Che Ankara stia facendo sul serio è segnalato chiaramente anche dalle prese di posizione pubbliche di alcuni ministri di Erdogan: «non accettiamo lezioni di democrazia da chi ha inventato il fascismo», ha tuonato Mustafa Varank, Ministro turco dell’industria. Che poi ha rincarato dicendo che il nostro paese «lascia morire i richiedenti asilo». Insomma un attacco a tutto campo sui punti più deboli, storici e attuali, del nostro paese. Mancava solo che denunciassero come l’Italia sia in mano alla mafia femminista, magari citando i 30 milioni di euro regalati ai centri antiviolenza nel bel mezzo della pandemia, giusto un anno fa, mentre era in corso un lockdown durissimo, e avrebbero fatto filotto. Ora tutto sta a capire se riusciranno a costringere Draghi a fare pubbliche scuse, nel qual caso dovremmo assistere a uno spettacolo tristissimo e paradossale, dove una (specie di) democrazia dovrà genuflettersi di fronte a un(a specie di) califfato sotto molti aspetti spietato, di fatto per essersi messa a difendere l’indifendibile per puro servilismo europeista e femminista.

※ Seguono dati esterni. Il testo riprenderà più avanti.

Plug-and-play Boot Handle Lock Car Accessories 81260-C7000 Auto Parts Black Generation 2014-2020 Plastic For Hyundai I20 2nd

L’unico lato positivo è che il tutto sarà una lezione d’oro per cicisbei, cavalieri bianchi e uomini amici delle femministe: questo è ciò che accade a mettersi al servizio di quell’ideologia. Si finisce per difendere la mistificazione e l’indifendibile, con il risultato di fare figure da cioccolatai e mettere nei guai un sacco di altra gente. Dia retta, Presidente Draghi, ci pensi su due volte alla prossima occasione, dopo di che decida di essere uomo e non un paladino prono ai capricci femministi.
Sia chiaro: sappiamo anche noi che il governo di Erdogan non è il più limpido del mondo quanto a rispetto delle libertà e dei diritti umani e ci guardiamo bene dal fare un suo endorsement da queste pagine. Tuttavia, come anche Mussolini di tanto in tanto ha fatto costruire un ponte, una scuola o un ospedale, e occorre riconoscerglielo, senza che ciò neghi l’orrore ideologico e storico che ha rappresentato, così anche noi riconosciamo a Erdogan lo straordinario merito di aver minato alle basi uno dei trattati internazionali più assurdi e discriminatori ad oggi in vigore: la Convenzione di Istanbul. Su quest’unico tema non possiamo non applaudirlo, così come applaudiamo la Polonia che ha preso la stessa scelta o l’Ungheria che ha respinto la ratifica della Convenzione. In entrambi i casi si tratta di democrazie europee, che ad alcuni non piacciono, ma ciò non toglie loro il carattere libero e democratico. In ogni caso, al di fuori della singola e sacrosanta iniziativa sulla Convenzione di Istanbul, siamo ben consci di cosa la Turchia di Erdogan abbia fatto e faccia dentro e fuori dai suoi confini e non ci sottraiamo al dovere di sperare che quel paese così importante torni presto ai fasti di quel laicismo moderno pianificato con tanto impegno dal suo fondatore. Resta vero che prima di salire sul pulpito anche noi come paese dovremmo farci un esamino di coscienza e soprattutto evitare di bruciarci il business estero per una signora che in realtà non è stata lasciata in piedi, ma anzi è stata doverosamente fatta sedere su un comodo divano, là dove l’etichetta diplomatica le imponeva di stare.